Thanks Terry. That's what I'm looking for. Do you have any pictures of your box turtle enclosure? 

Was it fairly easy to get the irish moss established? Did you grow it from seed or buy it from a nursery? From what I've been able to find Irish or Scottish moss would be best for this because bot are really short, evergreens, and grow well in partial shade. 

Anyone else have any experiences?


----------



## terryo (May 23, 2010)

I love these moss's. They are good inside if you have a decent light, but can't take a heat light right on them. I use a heat emitter for both my inside boxies and my Cherry Head, and just a long tube UVB 5.0. I put the moss under the tube light not the heat emitter, which is over the hide. The moss is mostly around the water dishes. I also use it for outside along the stream, because it spreads and comes back every Spring and has little white flowers. Really nice looking. Here's a few pictures. I get it in a nursery, in small pots and it just spreads in one season.
this is outside along the stream. It really spread in the last year.

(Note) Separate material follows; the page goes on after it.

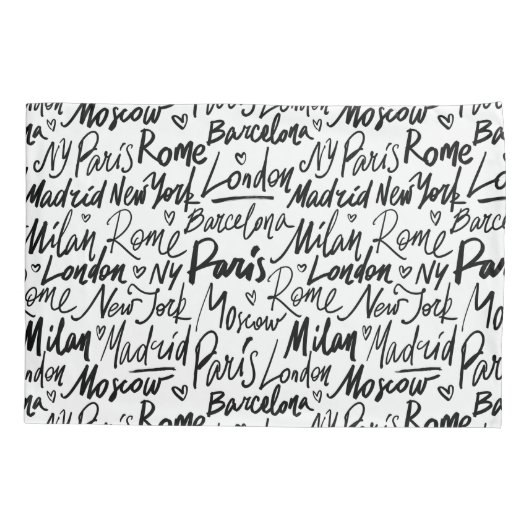 Handgeschreven beroemde steden van het Wereld Patr Kussensloop (Achterkant)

Little Three Toed...too small to go out





around the water dish as my Cherry H got bigger





this has some terrarium moss near the hide and the Scottish moss in the back of that





As long as you mist it and don't put it under direct light it will be fine. Another one I like is creeping Jenny. That's a great ground cover and also spreads.


----------



## dmmj (May 23, 2010)

Question: do they eat the moss?


----------



## Broda805 (May 24, 2010)

Would also like to know if they will try to eat it, is it safe? Any type to stay away from?


----------



## terryo (May 24, 2010)

I've been using it for years, and no one ever ate it or even tried to.....not saying they won't. It is very low to the ground, and they just walk on it, but it never got flatened out or trashed like some other plants that I've used. It needs to be watered well or it will dry out. Right now mine is flowering ...outside.

I took some pictures so you could see the little flowers. This is outside and it's always wet from the stream, so it really stays nice.
That's the creeping jenny next to it.





the dark green is the Scottish moss and hasn't flowered yet.


----------



## PeanutbuttER (May 24, 2010)

Thanks for the responses Terry. Is there really much of a difference between the Scottish and the Irish Moss other than color? Like did one do better in your terrarium than the other? I think I like the darker green Scottish moss and it'd be an extra plus if I were to see some blooms indoors.


----------



## terryo (May 24, 2010)

Sorry..my mistake. The dark green one is the Irish moss and the light green is the Scotch moss. Some sites say they are the same only different names. 
I have mostly the Scotch moss, but the Irish moss flowers the same. They both flowered inside, and did well. But remember don't put them under a harsh light. I only had them under the long tube 5.0 that gives off NO heat. That's where I had the water dish. The hide was under the heat emitter on the other side. They both like to be misted. I keep my vivarium very humid...80 degrees most of the time.

http://home.howstuffworks.com/irish-moss.htm

http://www.amazon.com/dp/B002VZ56HE/?tag=exoticpetnetw-20

If you don't have good drainage in your enclosure, be careful not to make it too wet, like mud. Hope this helps.


----------